= Task to carry out =
Leave the pictures out and quote every line from the start of the listing to the line with "xoxo molly online", inclusive.
* * * * *
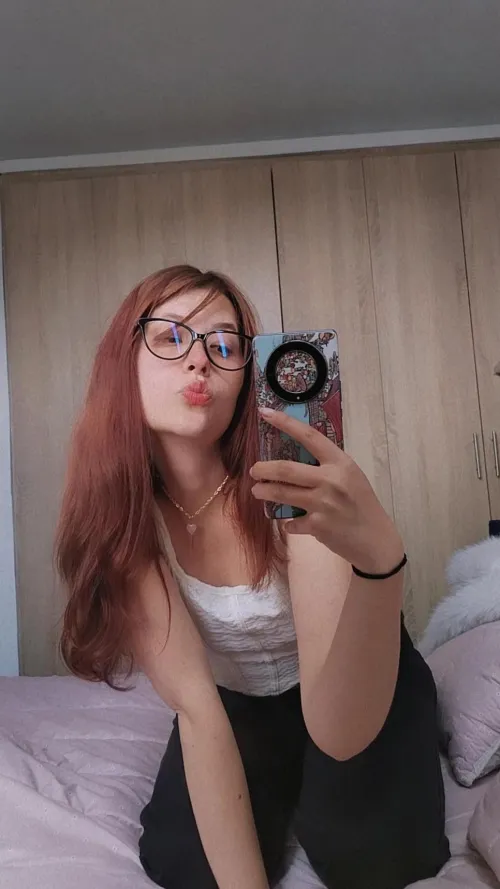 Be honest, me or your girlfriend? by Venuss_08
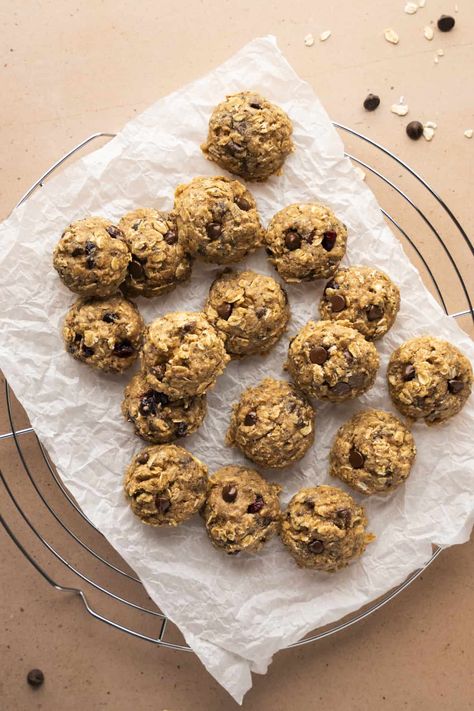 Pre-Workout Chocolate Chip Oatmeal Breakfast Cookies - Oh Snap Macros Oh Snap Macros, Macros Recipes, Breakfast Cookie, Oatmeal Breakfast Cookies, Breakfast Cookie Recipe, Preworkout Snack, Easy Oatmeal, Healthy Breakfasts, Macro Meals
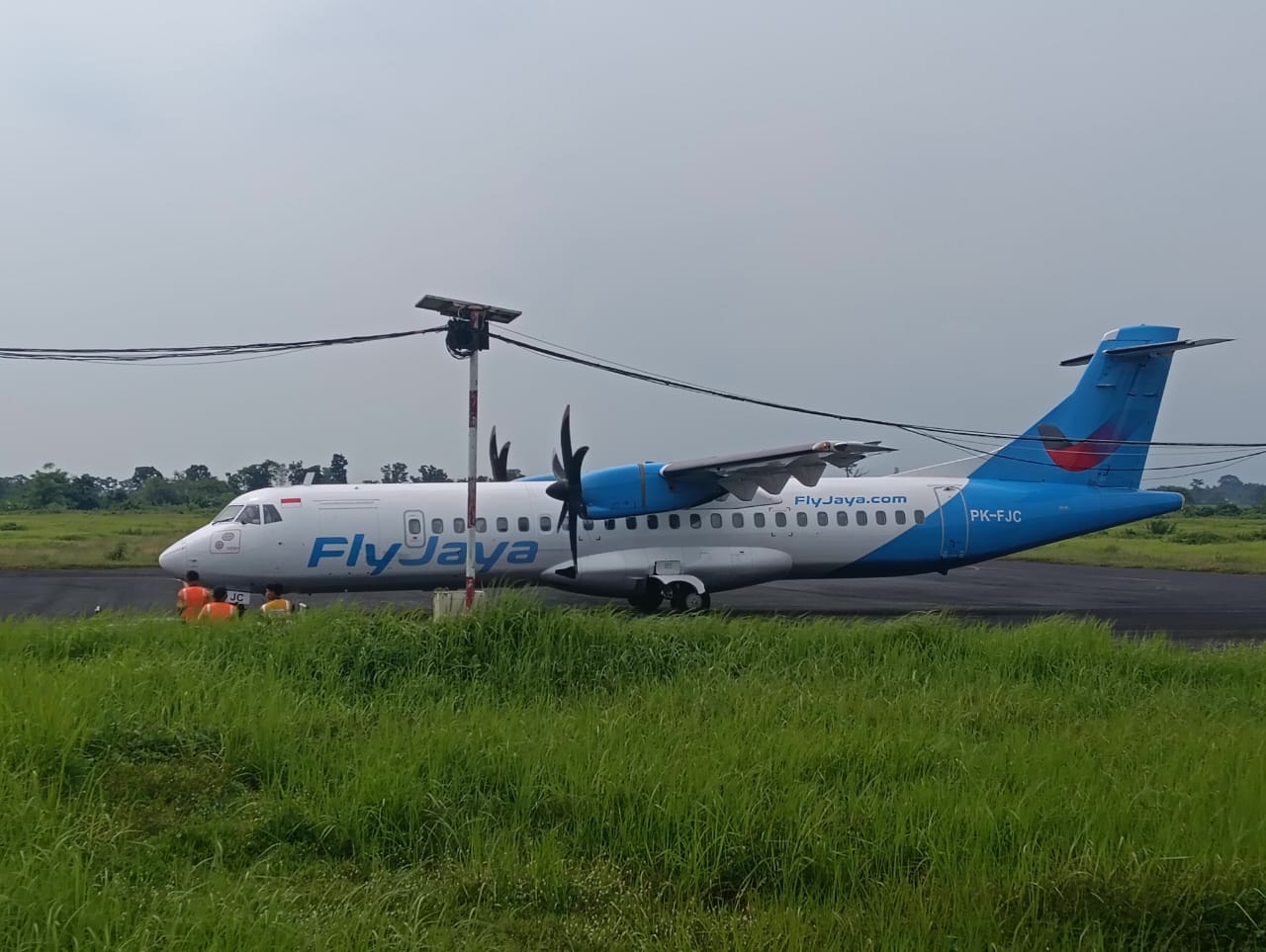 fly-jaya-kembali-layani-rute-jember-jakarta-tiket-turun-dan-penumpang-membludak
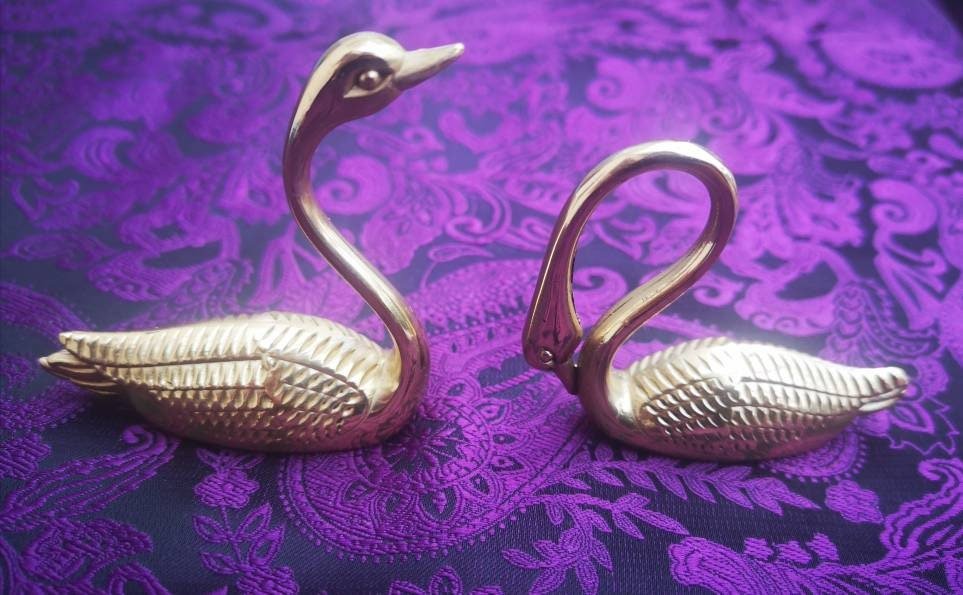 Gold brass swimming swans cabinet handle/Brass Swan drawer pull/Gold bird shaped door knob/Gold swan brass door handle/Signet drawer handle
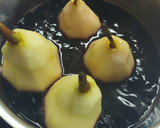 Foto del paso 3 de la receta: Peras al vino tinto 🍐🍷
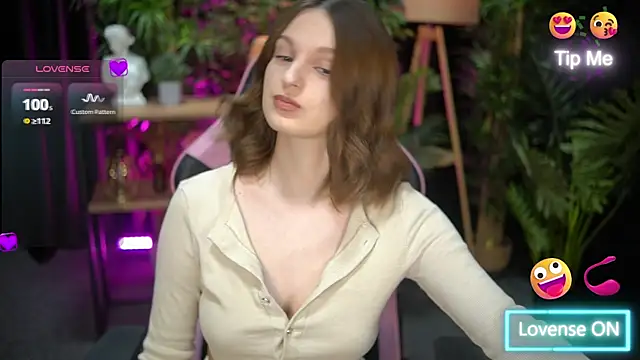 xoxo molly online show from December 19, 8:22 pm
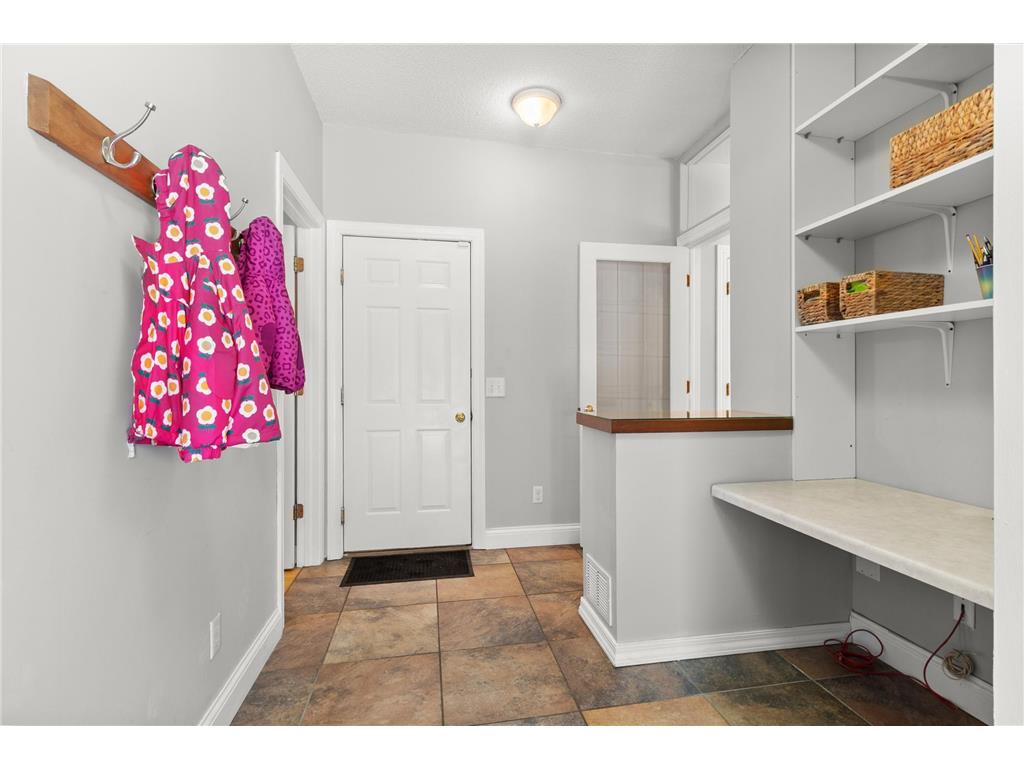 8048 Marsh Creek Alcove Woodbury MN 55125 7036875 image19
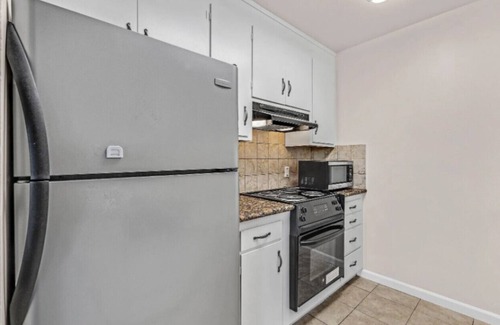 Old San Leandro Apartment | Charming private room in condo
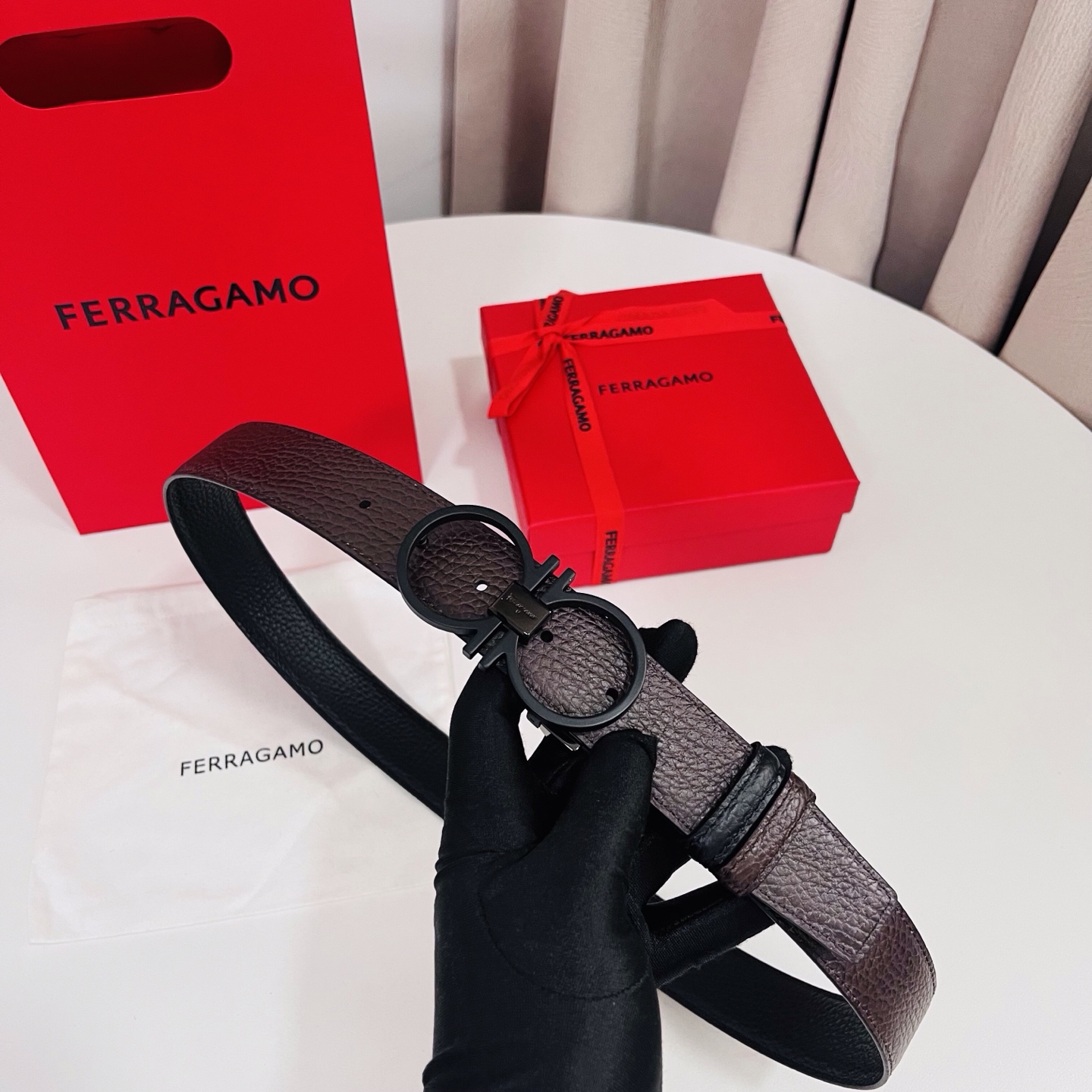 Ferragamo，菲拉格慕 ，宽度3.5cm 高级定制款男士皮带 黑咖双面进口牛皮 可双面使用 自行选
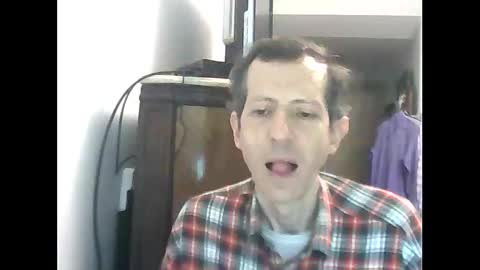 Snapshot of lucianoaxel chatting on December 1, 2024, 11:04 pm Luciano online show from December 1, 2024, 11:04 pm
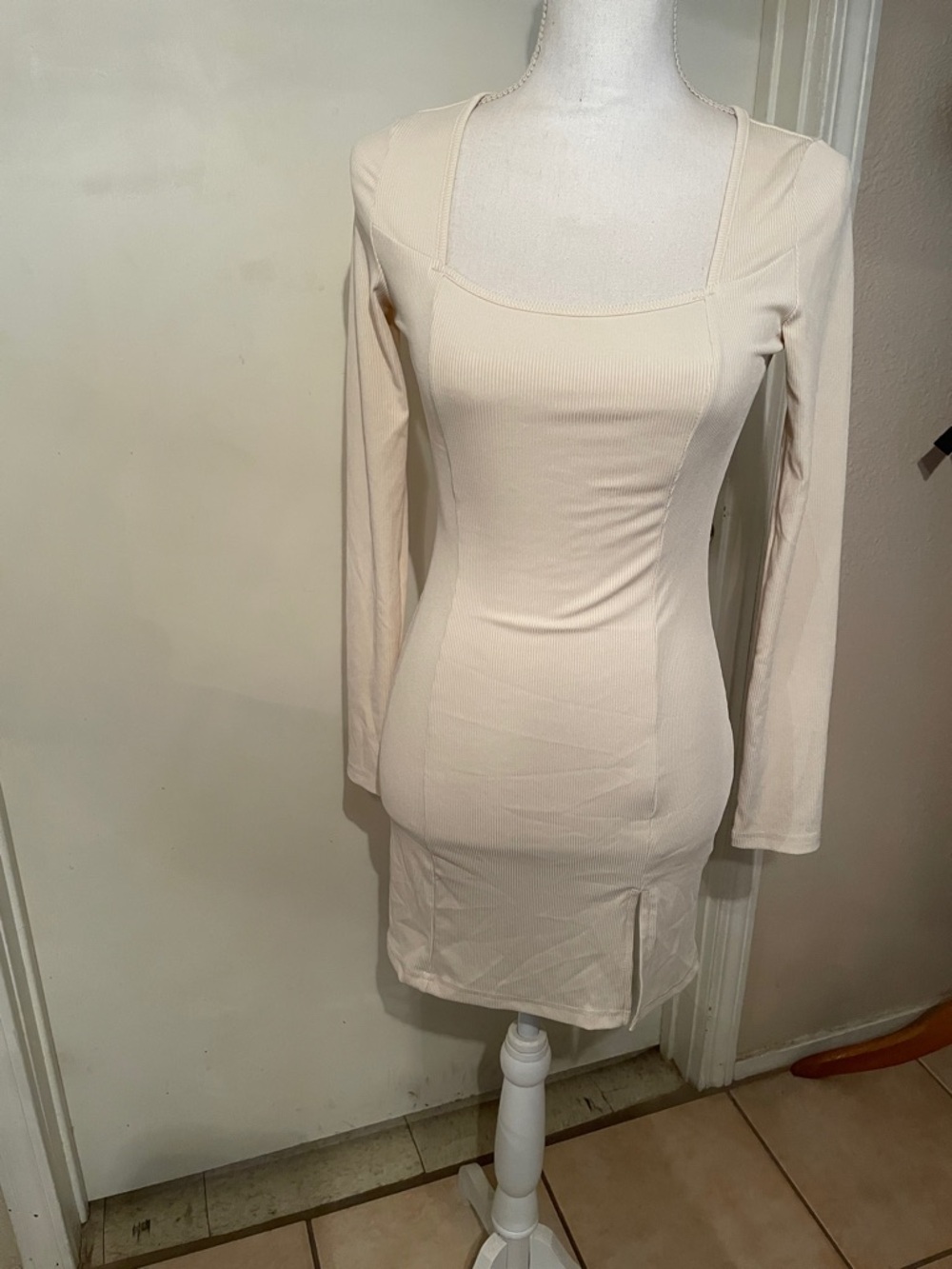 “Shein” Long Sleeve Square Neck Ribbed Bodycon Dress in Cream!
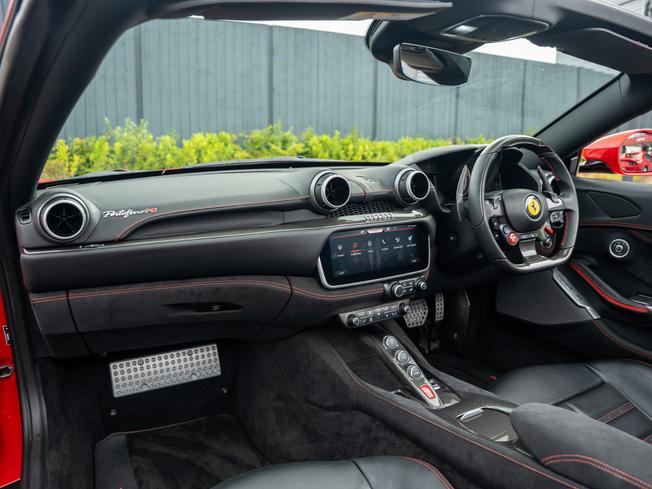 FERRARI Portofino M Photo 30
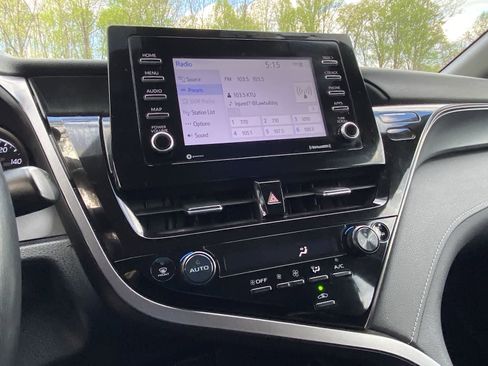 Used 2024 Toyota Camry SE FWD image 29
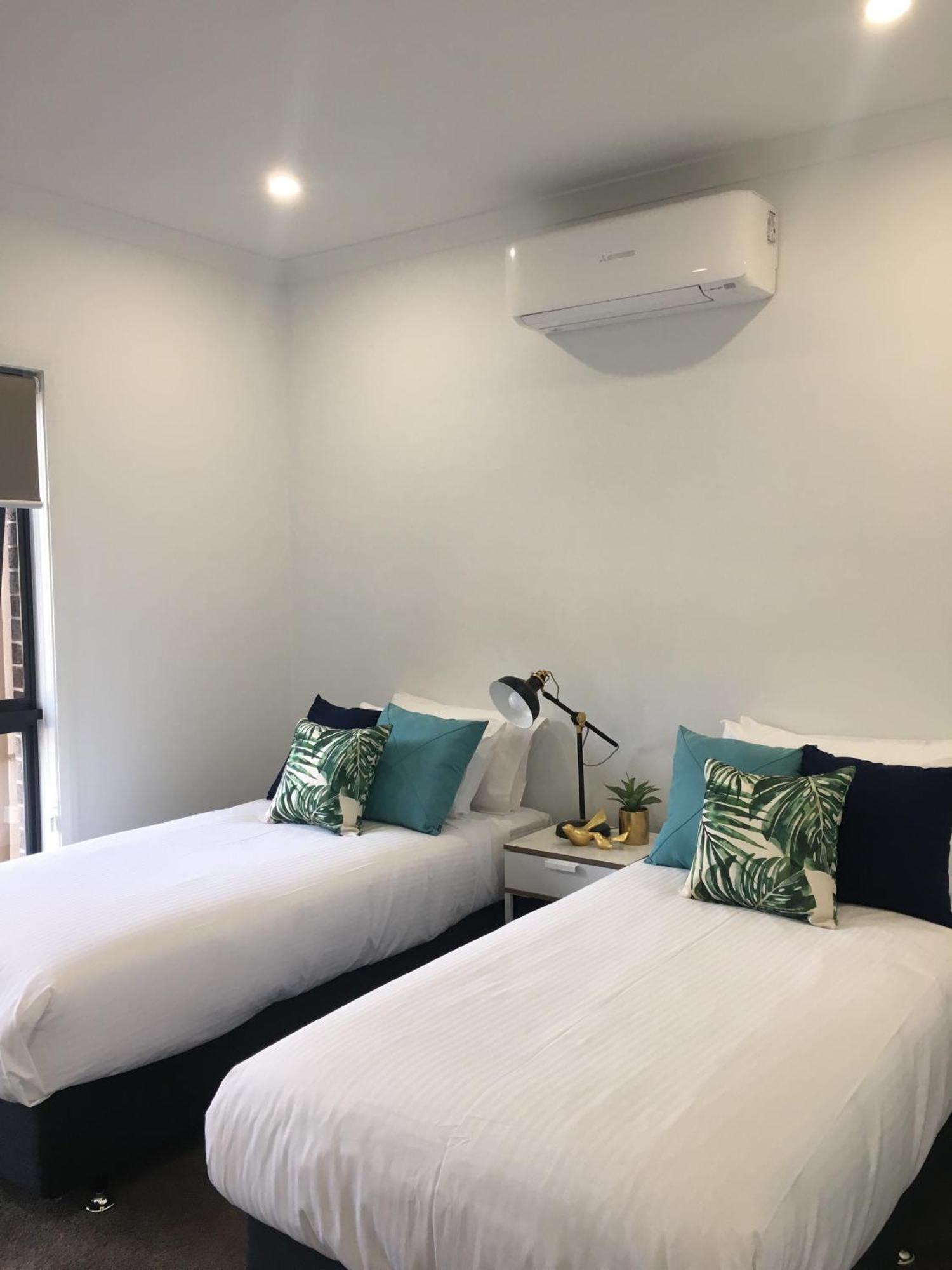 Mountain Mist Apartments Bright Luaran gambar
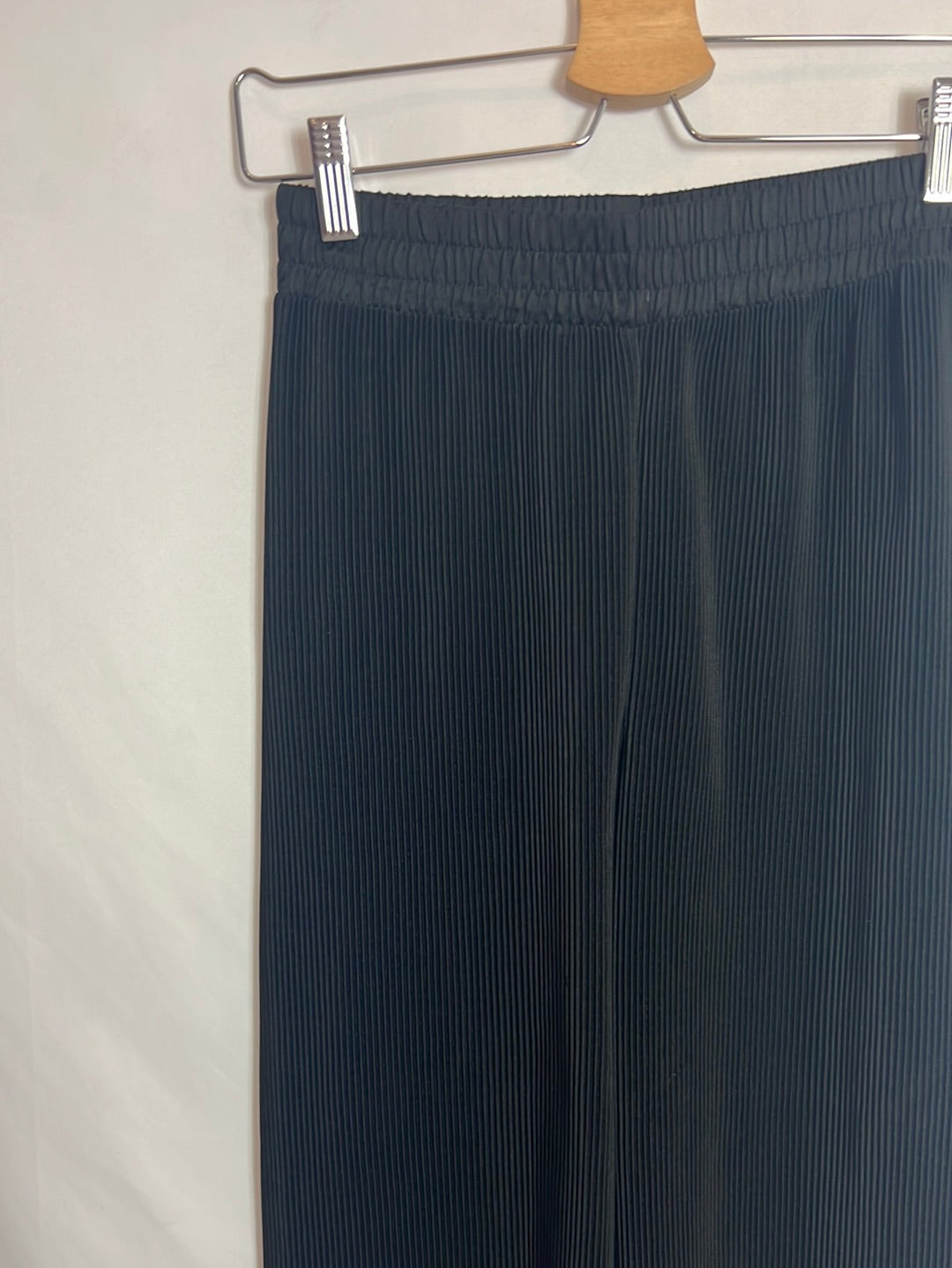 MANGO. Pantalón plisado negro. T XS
* * * * *
= Written solution =
 Be honest, me or your girlfriend? by Venuss_08
 Pre-Workout Chocolate Chip Oatmeal Breakfast Cookies - Oh Snap Macros Oh Snap Macros, Macros Recipes, Breakfast Cookie, Oatmeal Breakfast Cookies, Breakfast Cookie Recipe, Preworkout Snack, Easy Oatmeal, Healthy Breakfasts, Macro Meals
 fly-jaya-kembali-layani-rute-jember-jakarta-tiket-turun-dan-penumpang-membludak
 Gold brass swimming swans cabinet handle/Brass Swan drawer pull/Gold bird shaped door knob/Gold swan brass door handle/Signet drawer handle
 Foto del paso 3 de la receta: Peras al vino tinto 🍐🍷
 xoxo molly online show from December 19, 8:22 pm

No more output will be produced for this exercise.